Imaging studies of the right brachial artery were performed with an ATL HDI 3000 ultrasound machine equipped with a 10-MHz linear array transducer, based on a previously published technique.15,16,24⇓⇓ All images were transmitted to a personal computer via Ethernet with DICOM format (Digital Imaging and Communication in Medicine) and then saved on the hard disk of personal computer as a BMP format. Arterial diameters were measured with Image Tool® for Windows version 2.0 (University of Texas Health Science Center, San Antonio, Tex). Measurements were performed by two independent investigators (D.K.J. and H.S.K.) blinded to the subjects’ identity and medication status. Measurements of maximum diameter and percent flow-mediated dilation were made in 10 studies selected at random. The interobserver and intraobserver variability for repeated measurement of maximum diameter were 0.004±0.039 mm and 0.005±0.089 mm, respectively. The interobserver and intraobserver variability for repeated measurement of percent flow-mediated dilation were 0.07±1.27% and 0.15±1.24%, respectively.
Data are expressed as mean±SEM or median (range, 25% to 75%). After testing data for normality, we used the Student paired t test or Wilcoxon signed rank test to compare values at baseline and after each therapy, as reported in the Table. We presumed that the second baseline after the washout was not different from the first baseline, because we determined no carryover effect of CEE and progestogen for 6 to 8 weeks from our previous studies15,16,24,25⇓⇓⇓ and thus, we decided 2 months as treatment period without washout and the second baseline. Indeed, we found no carryover effect in this study (see Results). The effects of the two therapies on vascular function and markers of inflammation relative to baseline values were analyzed by one-way repeated measures ANOVA or Friedman’s repeated ANOVA on ranks. After demonstration of significant differences among therapies by ANOVA, post hoc comparisons between treatment pairs were made by use of the Student-Newman-Keuls multiple comparison procedures. Pearson correlation coefficient analysis was used to assess associations between measured parameters. We calculated that 30 subjects would provide 80% power for detecting difference of absolute increase, ≥2.1% flow-mediated dilation of the brachial artery between CEE+MP and CEE+MPA, with α=0.05 based on our previous studies15,24⇓ and others.26 The comparison of endothelium-dependent dilation among the two treatment schemes was prospectively designated as the primary end point. All other comparisons were considered secondary. Therefore, probability values less than the Bonferroni-adjusted α of 0.05/7=0.007 were deemed as statistically significant for the secondary end points.

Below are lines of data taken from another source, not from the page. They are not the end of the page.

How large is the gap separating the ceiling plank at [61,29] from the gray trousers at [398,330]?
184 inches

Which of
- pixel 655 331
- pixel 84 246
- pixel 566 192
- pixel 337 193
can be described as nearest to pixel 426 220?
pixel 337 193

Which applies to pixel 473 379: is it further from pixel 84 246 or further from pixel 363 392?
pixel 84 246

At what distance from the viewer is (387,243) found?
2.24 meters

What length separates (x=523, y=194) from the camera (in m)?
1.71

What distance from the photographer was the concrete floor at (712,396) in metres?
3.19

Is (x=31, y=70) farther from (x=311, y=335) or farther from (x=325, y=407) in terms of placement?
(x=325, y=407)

To assess the possibility of a carryover effect from the initial treatment periods to the next treatment period, we compared the percent changes of 1) the first treatment CEE+MP and the first treatment CEE+MPA after 2 months, 2) the cumulative effect of both therapies after 4 months, 3) the first treatment CEE+MP and the second treatment CEE+MP, and 4) the first treatment CEE+MPA and the second treatment CEE+MPA, relative to baseline values. There were no significant differences in age and baseline values, vascular function (diameter and flow), and markers of inflammation between each group. No significant differences were found in above four comparisons. (data not shown) After 2 months of CEE combined with natural or synthetic progestogen, plasma levels of 17β-estradiol significantly increased from baseline values and to a similar degree (P<0.001 by ANOVA, Table.)

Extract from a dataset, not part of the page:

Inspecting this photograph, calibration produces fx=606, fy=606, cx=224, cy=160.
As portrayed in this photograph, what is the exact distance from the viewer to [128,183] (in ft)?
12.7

Effects of Therapies on Lipids
The effects of therapies on lipids are shown in the Table. CEE+MP and CEE+MPA therapies significantly decreased total cholesterol by 5±11% and 7±11%, respectively from baseline values (P<0.001 by ANOVA) and LDL cholesterol levels by 15±20% and 16±20%, respectively from baseline values (P<0.001 by ANOVA). CEE+MP and CEE+MPA therapies significantly increased HDL cholesterol levels by 10±15% and 8±18%, respectively from baseline values (P=0.002 by ANOVA). Thus, both therapies significantly decreased the ratio of LDL to HDL cholesterol levels by 22±20% and 20±22%, respectively from baseline values (P<0.001 by ANOVA). However, there were no significant differences in lipoprotein levels between each therapy.

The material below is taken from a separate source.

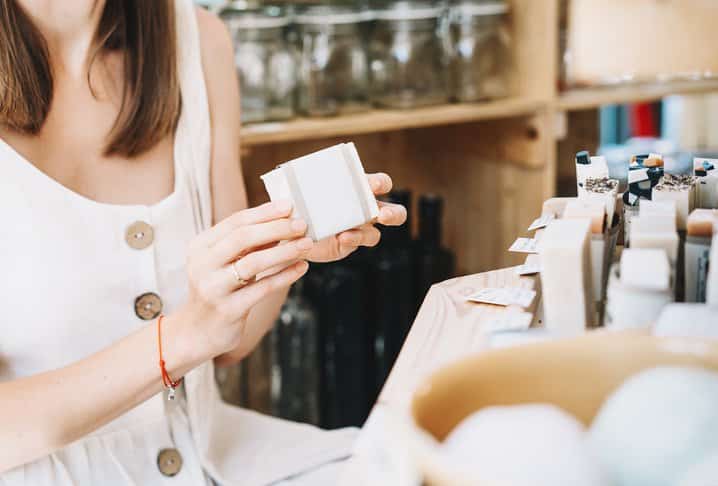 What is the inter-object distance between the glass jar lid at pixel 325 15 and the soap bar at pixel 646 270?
1100 millimetres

Effects of Therapies on Vasomotor Function
Basal brachial artery diameter and forearm blood flows were similar during the two treatment periods as were the peak brachial artery diameters and forearm blood flows during reactive hyperemia and the percent increase in flow during hyperemia (data not shown). Both therapies significantly improved the percent flow-mediated dilator response to hyperemia relative to baseline measurements (P<0.001 by ANOVA, Figure 1) by a similar degree (P=0.674). The brachial artery dilator response to nitroglycerin between each therapy was not significantly changed from baseline measurements (P=0.269 by ANOVA).
Effects of Therapies on Markers of Inflammation
The therapies decreased plasma levels of E-selectin by 11±18% and 14±18% from baseline values (P<0.001 by ANOVA; Figure 2A) and ICAM-1 levels by 8±16% and 12±25% from baseline values (P=0.021 by ANOVA; Figure 2B). There were no significant differences between each therapy in E-selectin and ICAM-1 levels (P=0.342 and P=0.296, respectively). However, both therapies did not significantly decrease VCAM-1 levels from baseline values (P=0.570 by ANOVA).
CEE+MP and CEE+MPA therapies significantly decreased plasma levels of MCP-1 by 12±19% and 16±19%, respectively, from baseline values (P<0.001 by ANOVA; Figure 3A) and TNF-α levels by 19±31% and 25±32%, respectively, from baseline values (P<0.001 by ANOVA; Figure 3B). However, both therapies did not significantly change serum levels of CRP from 0.13 mg/dL (0.10 to 0.43) to 0.23 mg/dL (0.10 to 0.43) or 0.21 mg/dL (0.10 to 0.39) and fibrinogen from 275±11 mg/dL to 267±12 mg/dL or 275±10 mg/dL (P=0.361 and P=0.724 by ANOVA, respectively). There were no significant differences between each therapy in MCP-1, TNF-α, CRP, or fibrinogen levels (P=0.077, P=0.340, P=0.419, and P=0.554, respectively).
There were significant inverse correlations between pretreatment MCP-1 levels and the degree of change in those levels (r=−0.392, P=0.002) and between pretreatment TNF-α levels and the degree of change in those levels (r=−0.327, P=0.011) after CEE+MP and CEE+MPA.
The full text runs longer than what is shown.